京成電鉄は、千葉県市川市に本社を置く鉄道事業者である。その源流は、1909年創業の京成電気軌道にまでさかのぼる。社名は東京の「京」と成田の「成」に由来しており、東京都区部東部と千葉県北部に路線を有する鉄道会社として発展してきた。現在では、鉄道事業を筆頭にバス事業、タクシー事業で構成する「運輸業」のほか、「流通業」や「不動産業」「レジャー・サービス業」「建設業」など幅広い事業展開を行なっている。ちなみに、京成電鉄は東京ディズニーリゾートなどを運営するオリエンタルランドの筆頭株主でもある。また、京成電鉄は成田空港へのアクセス路線である「成田空港線(愛称:成田スカイアクセス線)」を有していることから、株式市場でインバウンド関連銘柄として注目されることもある。

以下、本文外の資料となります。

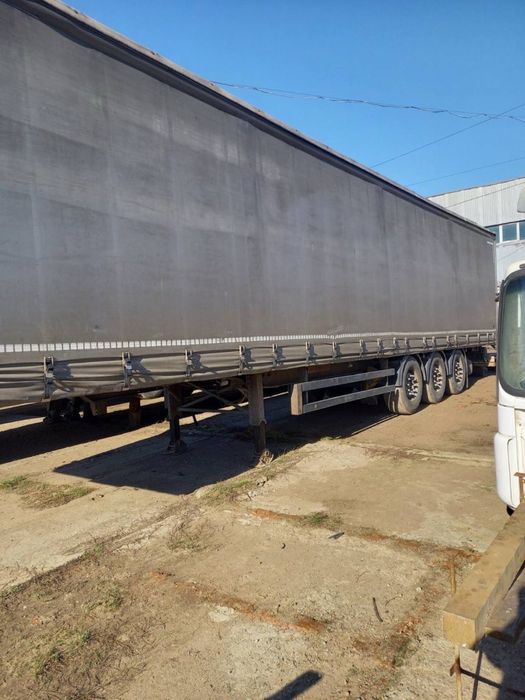 Причеп штора FRUEHAUF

後段で述べる通り、京成電鉄が4月28日に発表した①2023年3月期(2022年4月1日~2023年3月31日)の連結業績で営業損益、経常損益、純損益が黒字に転換したことに加えて、②2024年3月期(2023年4月1日~2024年3月31日)の連結業績予想についても、大幅な増収増益となる見通しが示されたこと、③2023年3月期の配当を前期比3円増額の20円とし、2024年3月期も20円を継続する方針を示したこと……が株価にも刺激材料となった。
今回は京成電鉄の話題をお届けしよう。
京成電鉄、営業黒字に転換。鉄道など運輸業が好調
4月28日、京成電鉄は2023年3月期(2022年4月1日~2023年3月31日)の連結業績を発表した。同期の営業収益は前期比17.8%増の2,523億3,800万円、本業の利益を示す営業利益は102億2,800万円(前期は52億100万円の営業損失)、経常利益は267億6,400万円(前期は31億9,100万円の経常損失)、純利益は269億2,900万円(前期は44億3,800万円の純損失)となった。同期は新型コロナウイルス禍の行動制限が緩和される中、一部セグメントに弱さがみられたものの、総じて改善傾向を示し、営業損益、経常損益、純損益がそれぞれ黒字に転換した。なお、京成電鉄はグループ経営体制の強化を見据え、2022年9月1日付で新京成電鉄を完全子会社している。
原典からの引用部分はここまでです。